Many wonder if and how does coffee help with concentration. It’s ones of the world’s most popular psychoactive substances, increasing dopamine levels and improving energy levels. It’s popular for helping with concentration, elevating your mood, and getting your body going. Yet, caffeine consumption can also lead to anxiety and sleep deprivation. This article looks more closely and answers, “how does coffee help with concentration?”
How does Coffee Help with Concentration?
It’s not often that we consider coffee a drug, but caffeine is one of the most widely used natural psychoactive substances in the world. Caffeine is found in many plants, but it’s also synthetically produced and used in medications and energy drinks for its energising and focus-promoting effects.
Though caffeine can be found in many different food and drink products, coffee is the most potent and most consumed caffeinated beverage. A single eight-ounce cup of coffee contains between 95-200mg of caffeine. For comparison, a 12-ounce soda contains 35-45mg, about half the amount of a weaker cup of coffee.
When we consume caffeine, it can take between 30-60 minutes for our body to experience the maximum effects. After being absorbed, caffeine is efficiently distributed throughout the whole body, and it crosses the blood-brain barrier.
Adenosine is a sleep-promoting chemical and plays a key role in our sleep-wake cycle. The brain produces adenosine the longer we’re awake. The more it builds up, the sleepier we become. When caffeine crosses the blood-brain barrier, it blocks our adenosine receptors, which means we remain alter and vigilant rather than becoming sleepy. Caffeine effectively borrows energy. Once caffeine leaves our system, we get a rush of Adenosine which is the reason for the caffeine slump that’s often experienced.
Furthermore, there is research that shows how caffeine interferes with our Circadian rhythms which delays our onset of sleep. These rhythms are natural physiological patterns that operate on a 24-hour clocks. Because caffeine has on our Adenosine, it’s suggested that caffeine’s interference with this process may explain its impact on circadian rhythm.
Given the above, it’s now easy to understand how does coffee help with concentration.
The Benefits of Caffeine
Due to the way caffeine effects the Adenosine levels in our brain, there are a few useful benefits it’s known for.
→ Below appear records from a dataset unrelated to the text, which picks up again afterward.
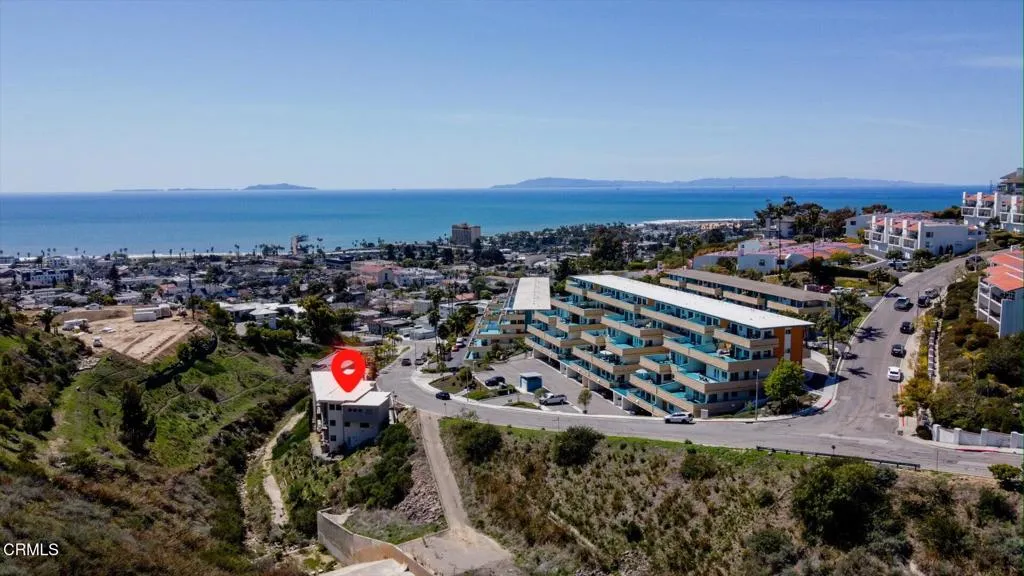 310 N Kalorama Street, Ventura, California 93001 home-pic-2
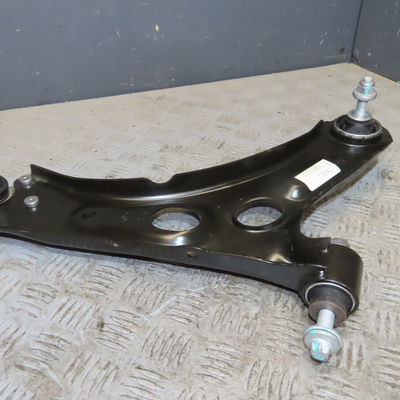 Triangle inf avd CITROEN AMI-ELECTRIC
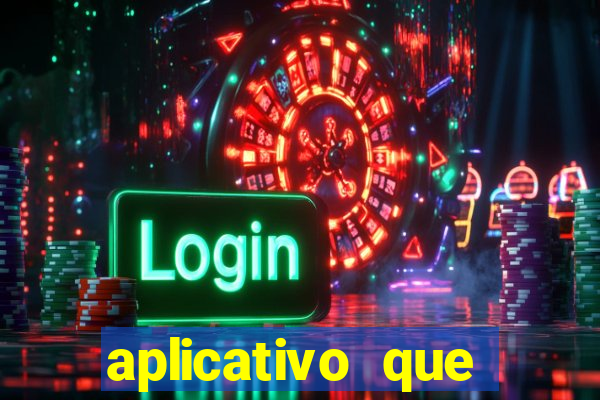 aplicativo que instala jogos pagos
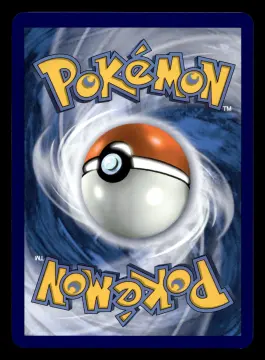Referentieafbeelding Misty's Staryu 46/182 uit Destined Rivals Common Near Mint conditie Pokémon kaart productfoto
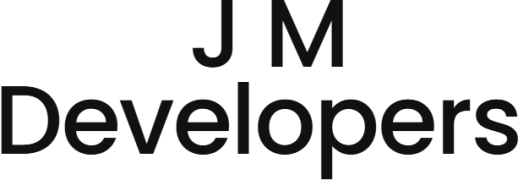 J M Developers - Satara Image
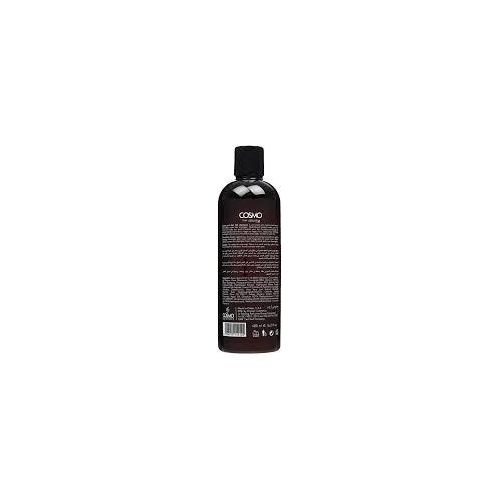 Cosmo Keratin Enriched Anti-hair Fall Shampoo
- Enhances short-term memory: Caffeine can help to improve alertness and enhance short-term capabilities so that you can easily learn and absorb new information. This can be helpful during a long study session, allowing you to retain more detail over a short period of time. In fact, studies show that drinking a cup of coffee before you hit the books can help you absorb information for more than 24 hours.
- Increases concentration and focus: When you’re studying or working at home, you’re often surrounded by distractions that can make it difficult to check things off your to-do list. Coffee can work to centre our focus and improve alertness when combing through your to do lists.
- Improves mood: Coffee is also said to improve your mood. Like other psychoactive compounds, caffeine causes your body to increase the level of dopamine to your brain, which in turn makes you feel happy.